● **PROBLEM TO SOLVE**: Repeat every line from the line containing "Hi, I'm Trevor" to the end of the data, exactly. Leave the pictures out.

● **DATA EXCERPT**:
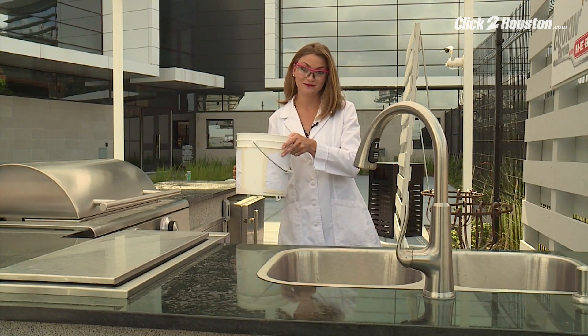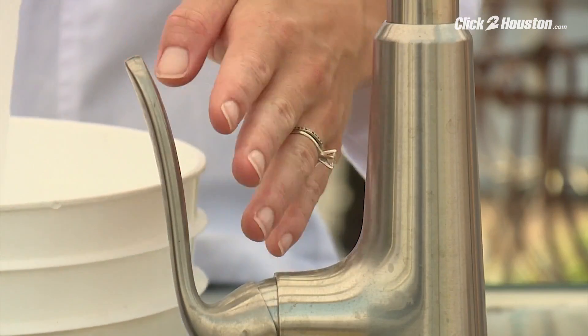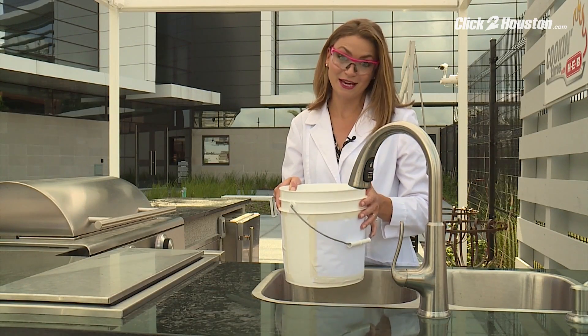First, you need a bucket. Second, you need to fill the bucket up. You only need about three or four inches of water inside your bucket.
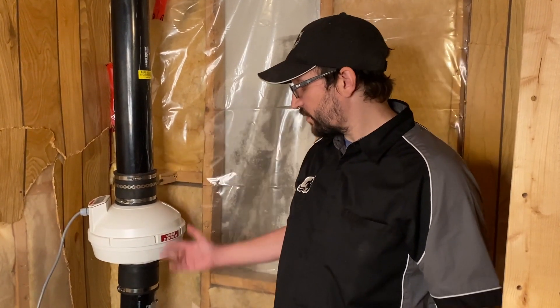Hi, I'm Trevor from Out of This World Plumbing. I'm a licensed rental professional and we're here today to do an annual inspection of a previously installed system. Let's check it out.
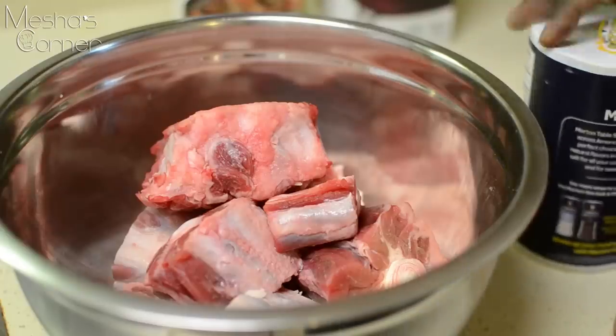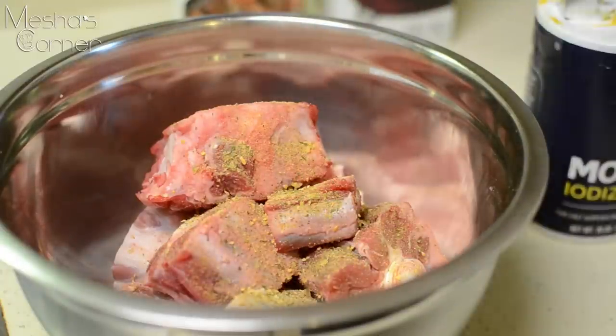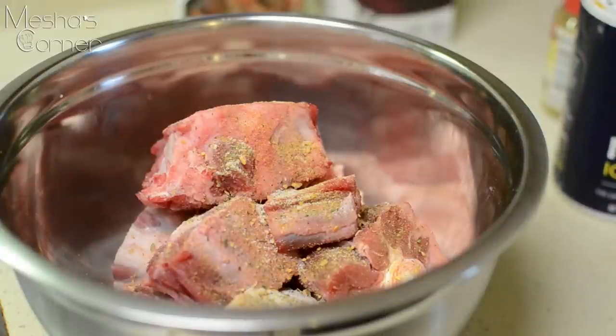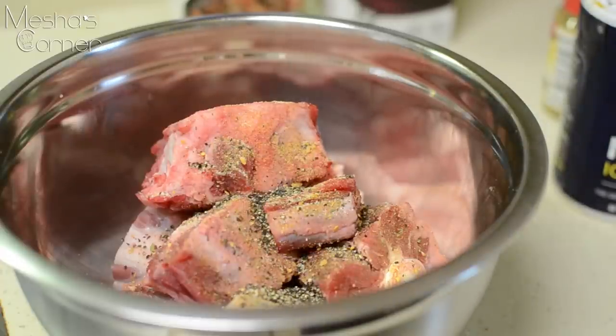I'm going to keep it pretty simple for this stage. I'm going in with some McCormick total beef seasoning — you can find that in any supermarket — and then some salt. You really have to salt your oxtails, so make sure you season your meat even though it's going to be braising for a long time. Then add a lot of coarsely ground black pepper.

● **OUTPUT FOR THIS TASK**:
Hi, I'm Trevor from Out of This World Plumbing. I'm a licensed rental professional and we're here today to do an annual inspection of a previously installed system. Let's check it out.
I'm going to keep it pretty simple for this stage. I'm going in with some McCormick total beef seasoning — you can find that in any supermarket — and then some salt. You really have to salt your oxtails, so make sure you season your meat even though it's going to be braising for a long time. Then add a lot of coarsely ground black pepper.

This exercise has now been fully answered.